16/01/2024
✔️Tricep Tuesday ✔️
The Dumbbell Skull Crusher exercise is effective for isolating and strengthening the triceps muscles. Here's a guide on how to perform the dumbbell overhead skull crusher:
Muscles Targeted:
Primary: Triceps brachii (especially the long head)
Secondary: Lateral and medial triceps heads, shoulders, and forearms
Equipment Needed:
A single dumbbell
Ex*****on:
Setup: Sit or stand with a straight back, holding a dumbbell with both hands, gripping one end of the dumbbell (palms facing up).
Starting Position: Raise the dumbbell overhead, fully extending your arms with your elbows close to your ears. Your palms should be facing forward.

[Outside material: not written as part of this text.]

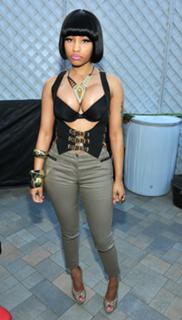 Nicki Minaj feet photo thumbnail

Lowering Phase: Bend your elbow, allowing the dumbbell to lower behind your head. The movement should resemble the lowering phase of a traditional skull crusher. Keep your upper arm stationary.

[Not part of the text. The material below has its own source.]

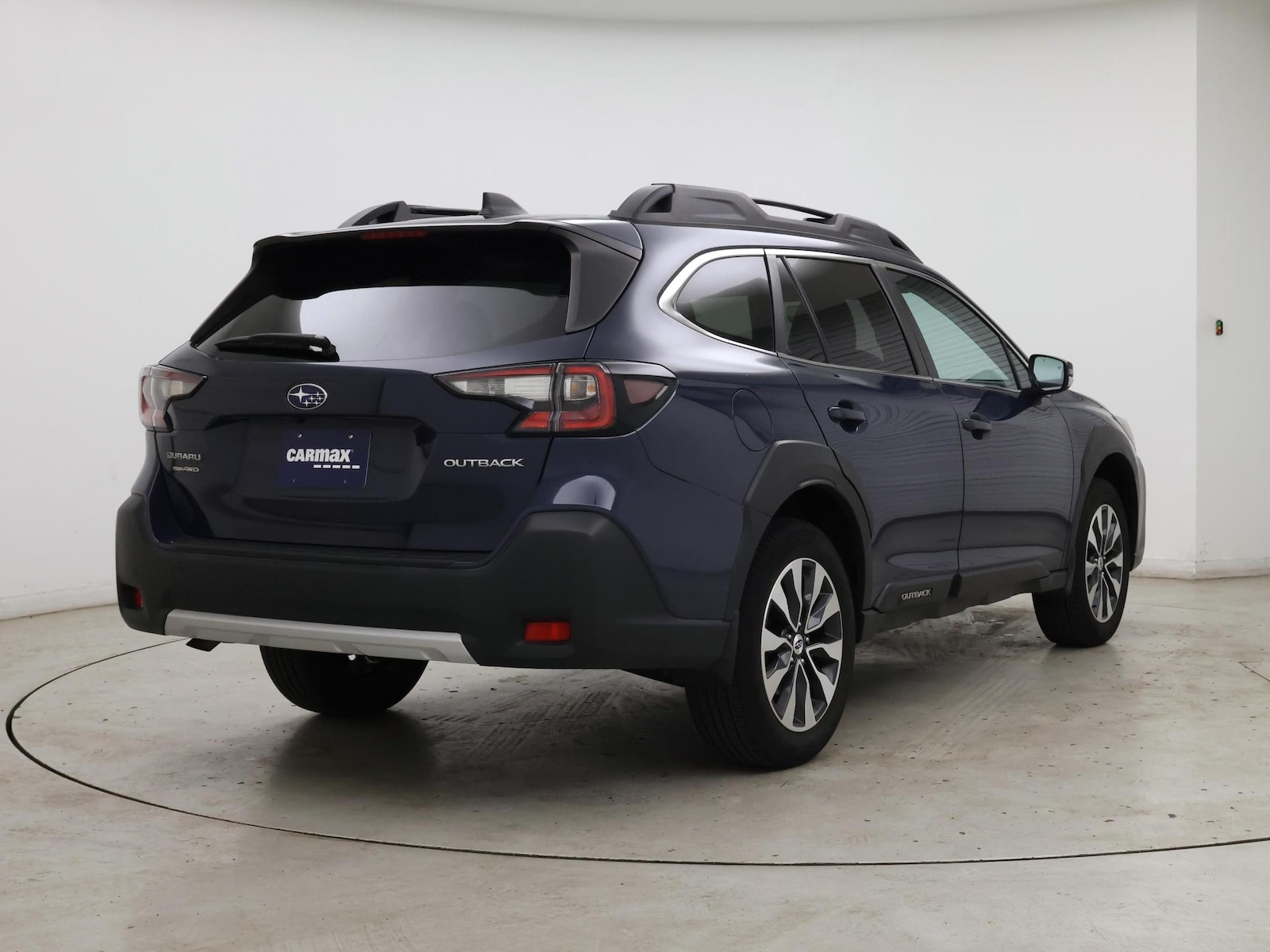 2023 Subaru Outback Limited - Photo 9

Elbow Angle: Lower the dumbbell until your forearm is just past parallel to the floor, feeling a stretch in your triceps.
Extension Phase: Press the dumbbell back up to the starting position by extending your elbow. Fully contract your triceps at the top of the movement.
Breathing: Inhale as you lower the dumbbell and exhale as you extend your arm.
Repeat: Complete the desired number of repetitions on one arm before switching to the other arm.
Tips:
Keep your core engaged to maintain stability and avoid excessive arching of the back.
Perform the exercise in a controlled manner to ensure proper form and prevent injury.
Start with a lighter weight to get used to the movement and gradually increase as your strength improves.
Variations:
Seated or Standing: You can perform this exercise either sitting or standing, depending on your preference and comfort.
Neutral Grip: Experiment with a neutral grip (palms facing each other) for a different triceps activation.
As with any exercise, it's crucial to use proper form and start with a weight that challenges you without sacrificing your technique. If you have any pre-existing health conditions or concerns, it's advisable to consult with a fitness professional or healthcare provider before incorporating new exercises into your routine.